Below are records to reproduce in full; copy them exactly but keep the pictures out.

______________________________

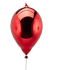 Ялинкова прикраса Повітряна кулька червона висота 32см, Enzo De Gasperi (EDG Italy) 62925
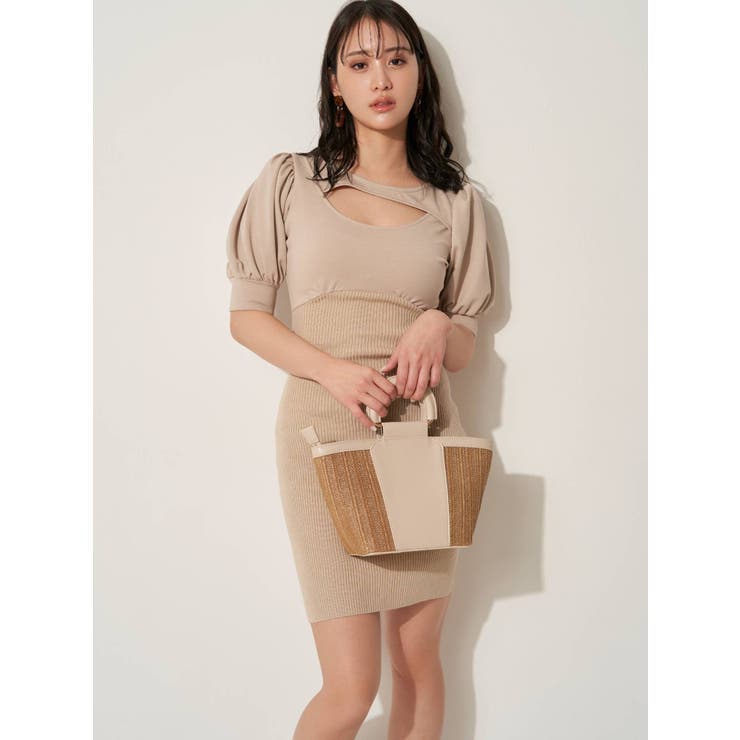 プラス・ピープル レディース ワンピース トップス Short dresses Ocher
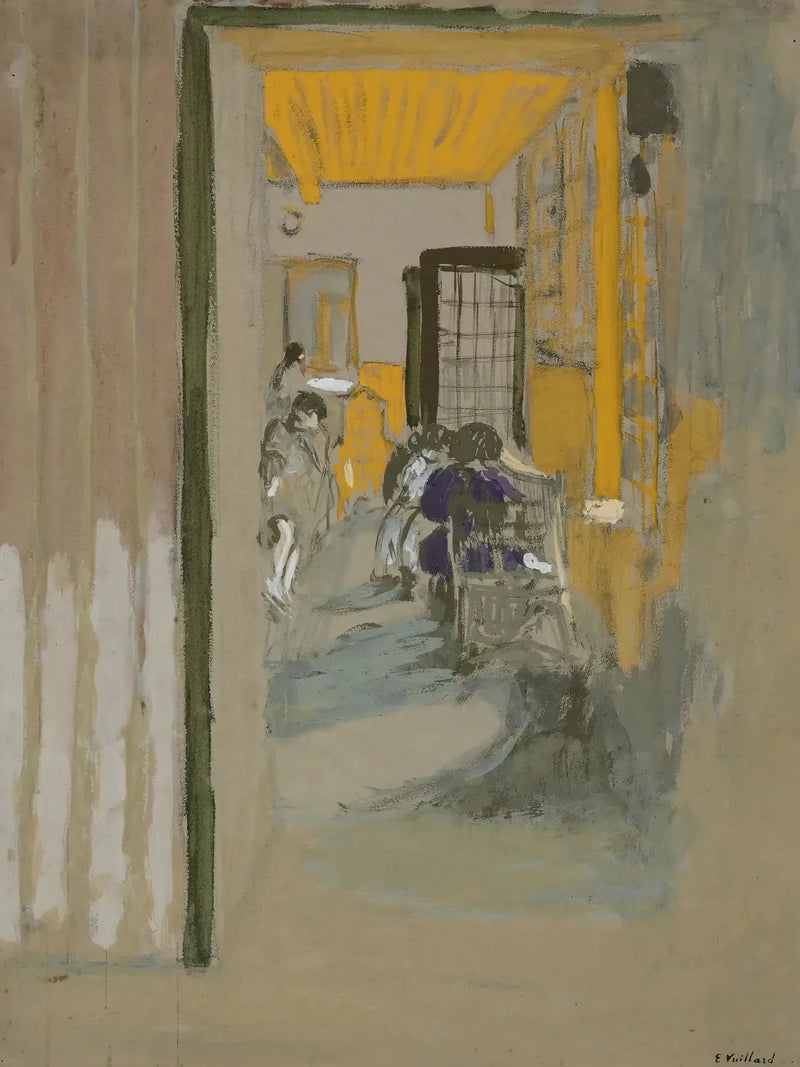 Sala do nauki w Pawilonach - Édouard Vuillard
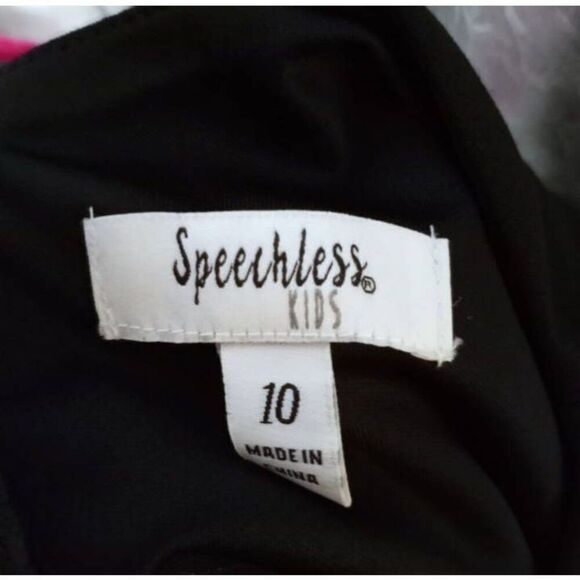 SPEECHLESS KIDS BLACK, WHITE, & PINK DRESS SZ.Y10 EUC. - Picture 6 of 8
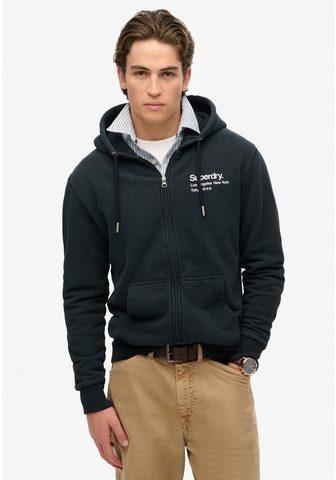 Superdry Megztinis su gobtuvu CORE LOGO CITY ZI...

______________________________

**Answer space**
 Ялинкова прикраса Повітряна кулька червона висота 32см, Enzo De Gasperi (EDG Italy) 62925
 プラス・ピープル レディース ワンピース トップス Short dresses Ocher
 Sala do nauki w Pawilonach - Édouard Vuillard
 SPEECHLESS KIDS BLACK, WHITE, & PINK DRESS SZ.Y10 EUC. - Picture 6 of 8
 Superdry Megztinis su gobtuvu CORE LOGO CITY ZI...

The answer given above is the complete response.